Oui, je suis toujours intimidé quand je travaille avec de nouvelles personnes, qu’elles soient ultra connues ou non. C’est une forme de respect je crois. Je suis en permanence impressionné par la qualité d’une voix ou d’une écriture, c’est ce qui me permet d’être toujours aussi appliqué, sérieux et professionnel. C’est important de continuer, malgré le temps qui passe, à apprécier les talents, ne jamais être blasé et rester à l’écoute.

J’ai par exemple travaillé sur l’album Le beau qui pleut avec Giordana Angi et Alexia Gredy de la même manière qu’avec Isabelle Adjani car si elles sont – pour le moment en tous cas -, moins connues du grand public, elles n’en sont pas moins talentueuses.
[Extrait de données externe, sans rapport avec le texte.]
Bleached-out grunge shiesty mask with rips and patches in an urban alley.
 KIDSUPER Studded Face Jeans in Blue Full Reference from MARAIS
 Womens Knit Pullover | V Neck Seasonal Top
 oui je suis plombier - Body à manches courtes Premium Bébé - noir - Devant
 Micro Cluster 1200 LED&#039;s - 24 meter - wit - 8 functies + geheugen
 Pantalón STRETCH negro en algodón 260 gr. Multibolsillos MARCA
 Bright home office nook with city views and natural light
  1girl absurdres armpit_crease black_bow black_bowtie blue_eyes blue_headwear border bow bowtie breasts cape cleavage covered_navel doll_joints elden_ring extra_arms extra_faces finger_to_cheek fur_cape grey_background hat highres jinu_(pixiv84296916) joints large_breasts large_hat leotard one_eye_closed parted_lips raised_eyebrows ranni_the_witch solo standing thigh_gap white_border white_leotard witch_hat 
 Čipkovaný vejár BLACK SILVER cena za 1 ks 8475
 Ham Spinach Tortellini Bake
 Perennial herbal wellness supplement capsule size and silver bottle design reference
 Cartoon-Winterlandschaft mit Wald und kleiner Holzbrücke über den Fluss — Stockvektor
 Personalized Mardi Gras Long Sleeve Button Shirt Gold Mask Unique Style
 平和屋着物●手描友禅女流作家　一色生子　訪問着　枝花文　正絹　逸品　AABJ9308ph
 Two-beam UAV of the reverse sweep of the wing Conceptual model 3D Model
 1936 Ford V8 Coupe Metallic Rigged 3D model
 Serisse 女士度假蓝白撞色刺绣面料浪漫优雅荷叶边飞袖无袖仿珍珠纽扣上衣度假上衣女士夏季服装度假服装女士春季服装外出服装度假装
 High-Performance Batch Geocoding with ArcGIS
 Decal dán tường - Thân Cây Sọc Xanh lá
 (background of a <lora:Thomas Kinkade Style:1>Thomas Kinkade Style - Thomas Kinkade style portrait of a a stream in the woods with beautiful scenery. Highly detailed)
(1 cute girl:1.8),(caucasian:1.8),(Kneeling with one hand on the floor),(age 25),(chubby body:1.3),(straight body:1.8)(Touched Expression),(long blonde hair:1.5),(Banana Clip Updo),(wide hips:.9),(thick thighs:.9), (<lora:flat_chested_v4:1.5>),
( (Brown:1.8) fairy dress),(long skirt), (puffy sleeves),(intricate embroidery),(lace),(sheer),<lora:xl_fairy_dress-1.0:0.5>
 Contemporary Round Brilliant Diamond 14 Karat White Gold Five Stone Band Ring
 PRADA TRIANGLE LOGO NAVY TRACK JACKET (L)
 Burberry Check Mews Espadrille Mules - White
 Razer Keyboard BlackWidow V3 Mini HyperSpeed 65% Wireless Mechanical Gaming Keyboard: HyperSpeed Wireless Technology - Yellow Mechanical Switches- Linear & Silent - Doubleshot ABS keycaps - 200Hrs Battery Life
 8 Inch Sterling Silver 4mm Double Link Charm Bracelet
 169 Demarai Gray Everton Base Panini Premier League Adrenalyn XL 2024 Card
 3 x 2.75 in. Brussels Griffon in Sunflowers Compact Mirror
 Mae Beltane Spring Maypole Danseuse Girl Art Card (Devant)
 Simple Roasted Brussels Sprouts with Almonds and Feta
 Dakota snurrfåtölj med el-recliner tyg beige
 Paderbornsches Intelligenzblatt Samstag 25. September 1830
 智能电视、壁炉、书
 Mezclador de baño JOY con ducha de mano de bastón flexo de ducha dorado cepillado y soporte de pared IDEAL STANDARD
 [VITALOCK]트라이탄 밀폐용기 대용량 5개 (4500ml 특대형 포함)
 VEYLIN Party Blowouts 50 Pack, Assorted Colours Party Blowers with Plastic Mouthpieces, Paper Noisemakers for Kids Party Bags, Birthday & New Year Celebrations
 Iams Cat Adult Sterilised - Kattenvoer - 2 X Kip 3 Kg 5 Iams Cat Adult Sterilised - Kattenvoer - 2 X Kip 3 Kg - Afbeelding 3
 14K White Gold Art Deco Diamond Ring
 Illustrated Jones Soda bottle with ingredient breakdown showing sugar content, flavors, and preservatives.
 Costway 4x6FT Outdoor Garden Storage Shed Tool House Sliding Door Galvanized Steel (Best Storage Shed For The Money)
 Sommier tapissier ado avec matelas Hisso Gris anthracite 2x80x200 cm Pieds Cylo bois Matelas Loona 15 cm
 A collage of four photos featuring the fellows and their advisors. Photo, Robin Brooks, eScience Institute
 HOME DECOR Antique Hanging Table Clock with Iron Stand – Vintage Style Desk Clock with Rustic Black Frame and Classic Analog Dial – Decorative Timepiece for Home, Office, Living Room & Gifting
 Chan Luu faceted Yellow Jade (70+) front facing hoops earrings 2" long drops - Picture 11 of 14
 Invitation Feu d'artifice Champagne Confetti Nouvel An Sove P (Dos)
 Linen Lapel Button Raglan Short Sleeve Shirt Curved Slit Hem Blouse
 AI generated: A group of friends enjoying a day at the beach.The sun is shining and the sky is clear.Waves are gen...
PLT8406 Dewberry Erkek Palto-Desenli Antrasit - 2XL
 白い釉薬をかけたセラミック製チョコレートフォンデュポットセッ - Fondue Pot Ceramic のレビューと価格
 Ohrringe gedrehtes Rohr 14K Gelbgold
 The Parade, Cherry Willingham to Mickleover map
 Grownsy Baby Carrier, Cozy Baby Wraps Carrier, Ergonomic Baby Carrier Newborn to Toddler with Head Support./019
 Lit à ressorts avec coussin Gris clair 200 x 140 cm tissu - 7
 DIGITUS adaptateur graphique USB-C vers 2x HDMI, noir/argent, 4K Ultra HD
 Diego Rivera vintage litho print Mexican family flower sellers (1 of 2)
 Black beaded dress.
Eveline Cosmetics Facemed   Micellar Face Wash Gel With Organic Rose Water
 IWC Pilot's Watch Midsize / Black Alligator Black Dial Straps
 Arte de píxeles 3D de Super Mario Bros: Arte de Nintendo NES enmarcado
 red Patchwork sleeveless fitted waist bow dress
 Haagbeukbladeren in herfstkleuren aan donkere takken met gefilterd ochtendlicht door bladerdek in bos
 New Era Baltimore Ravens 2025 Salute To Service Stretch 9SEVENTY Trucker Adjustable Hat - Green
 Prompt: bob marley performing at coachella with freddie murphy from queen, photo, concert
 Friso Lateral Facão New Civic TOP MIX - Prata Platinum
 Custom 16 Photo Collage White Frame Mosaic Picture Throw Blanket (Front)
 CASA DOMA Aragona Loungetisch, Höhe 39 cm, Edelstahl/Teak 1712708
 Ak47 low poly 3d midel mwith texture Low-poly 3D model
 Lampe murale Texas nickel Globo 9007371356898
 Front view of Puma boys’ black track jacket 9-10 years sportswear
Chaque interprète, que ce soit Étienne Daho, Johnny, Peter Murphy ou Akhenaton – mérite le même respect et la même attention. J’aime les artistes alors je reste curieux et surtout très admiratif.

La plateforme Obispo All Access est le reflet de cet amour pour la musique d’une part et pour les musiciens d’autre part… Et c’est d’ailleurs aussi vivant que la scène…

C’est vrai que c’est très vivant, ce support est un bain de jouvence qui me permet de faire ce que j’ai envie de faire. Je n’ai pas envie d’être limité dans ma musique et je trouve que le système industriel formaté est trop castrateur pour moi. Il oblige à prendre du temps et par rapport à tout ce que j’ai envie de faire, je n’en ai justement pas à perdre.

J’ai beaucoup d’idées en tête et aucune maison de disques ne peut me donner ce que je suis en train de faire car ça ne peut pas être économiquement viable pour elles. Je veux faire de la musique quand je veux, avec qui je veux, où je veux. Là, on a produit l’équivalent de plus de 70 albums – dont une cinquantaine est à disposition sur l’application – et toutes les semaines, on dévoile deux titres. En ce moment, on complète le quatrième album de flamenco et on s’est lancé dans une anthologie de la chanson française qui résume (presque sans exception) toutes les chansons que j’aime dans ce registre.

Il y a un parterre de plus de 800 titres que j’ai reproduit avec mes camarades musiciens. On en a tellement retravaillés qu’au rythme de 2 morceaux publiés par semaine, on a 8 ans de stock d’avance ! (rires) Il va falloir que j’accélère un peu le mouvement car il y a d’autres choses qui arrivent aussi… C’est beaucoup de travail, sans compter les 5ème et 6ème albums de jazz – des sextets instrumentaux – qui sont également prêts. 

Cette application me permet de montrer des facettes différentes de mes goûts musicaux mais aussi de partager des choses plus confidentielles avec le public comme le documentaire sur l’enregistrement de l’album Le beau qui pleut, des rencontres et des interviews. 

 

 

Tu ne t’arrêtes jamais…

Effectivement je n’arrête pas et si ça se trouve, l’industrie du disque finira même comme ça ! Les disques physiques ne se vendent plus car ils ne correspondent plus aux besoins du moment donc c’est peut-être ce genre de plateforme artisanale qui sera l’avenir de la musique. Dans nos métiers, on est face à une évolution contre laquelle on ne peut rien donc il faut affronter la question mais tant que tout sera géré par le capital, ça ne bougera pas… L‘appât du gain, du « plus » et de la consommation…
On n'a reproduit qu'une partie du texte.